Sono gli anni in cui finalmente viene ritrovata la partitura di Treemonisha che si credeva perduta e che nessuno, dopo quella sfortunata esibizione del 1915 ha potuto ascoltare. Il 22 ottobre 1971 estratti dell’opera vengono eseguiti in forma di concerto alla New York Public Library for the Performing Arts da William Bolcon, Joshua Rifkin e Mary Lou Williams. Finalmente il 27 gennaio 1972 va in scena ad Atlanta con la regia della ballerina e coreografa afroamericana Katherine Dunham e la direzione di Robert Shaw, uno dei primi grandi direttori d’orchestra a volere sia bianchi che neri nelle proprie compagini. È finalmente un successo e per quest’opera a Scott Joplin nel 1976 viene assegnato il Premio Pulitzer.

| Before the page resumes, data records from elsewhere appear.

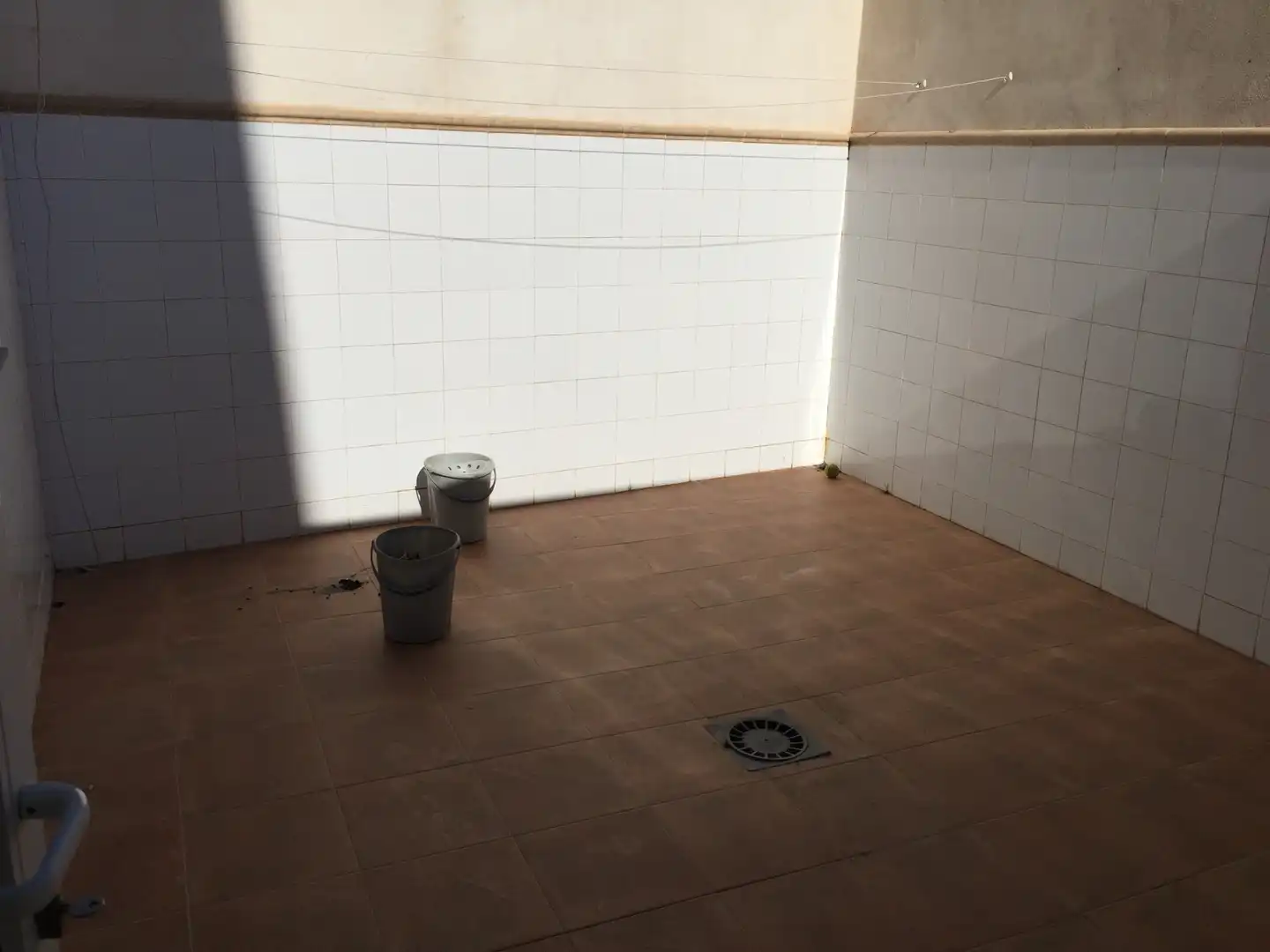 Badezimmer von Wohnung zum Verkauf in San Javier mit Möbliert, Ofen und Waschmaschine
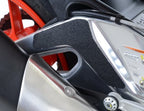 R&G Boot Guard Kit for Aprilia RSV4 '09-, V4 Tuono '11-'20 & RSV4 1100 Factory '19-'20 models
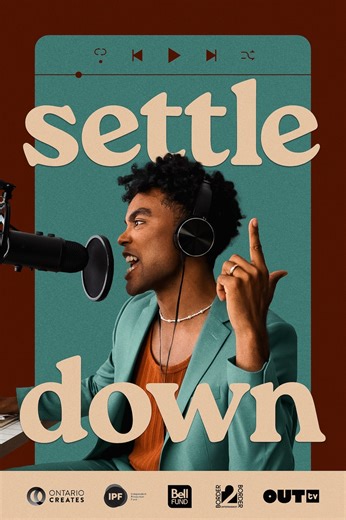 Settle Down - a new comedy series Watch the full season: https://www.border2border.ca/settle-down | Charlie David | Facebook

E che ne è stato di Julius Weiss? Le notizie sull’ultima parte della sua vita sono frammentarie. Sappiamo che a Texarkana, dopo aver finito la sua attività di precettore, Weiss gestisce una gioielleria e un banco di pegni. Un’attività redditizia, tanto che diventa presidente della Texarkana Savings Bank e azionista di rilievo di un’importante azienda di legname. Il lupo perde il pelo, ma non il vizio. Nel 1889 fugge dalla città con trentamila dollari. Lo ritroviamo a Houston dove apre un banco di pegni e riprende la sua attività di insegnante di musica. Senza troppo fortuna. Vive quegli ultimi anni della vita malato e in miseria. Nessuno sa quanto sia stato importante per la musica americana. Scott non si dimentica di lui e, pur tra le sue difficoltà, gli invia ogni tanto del denaro. Non sappiamo nulla della sua morte.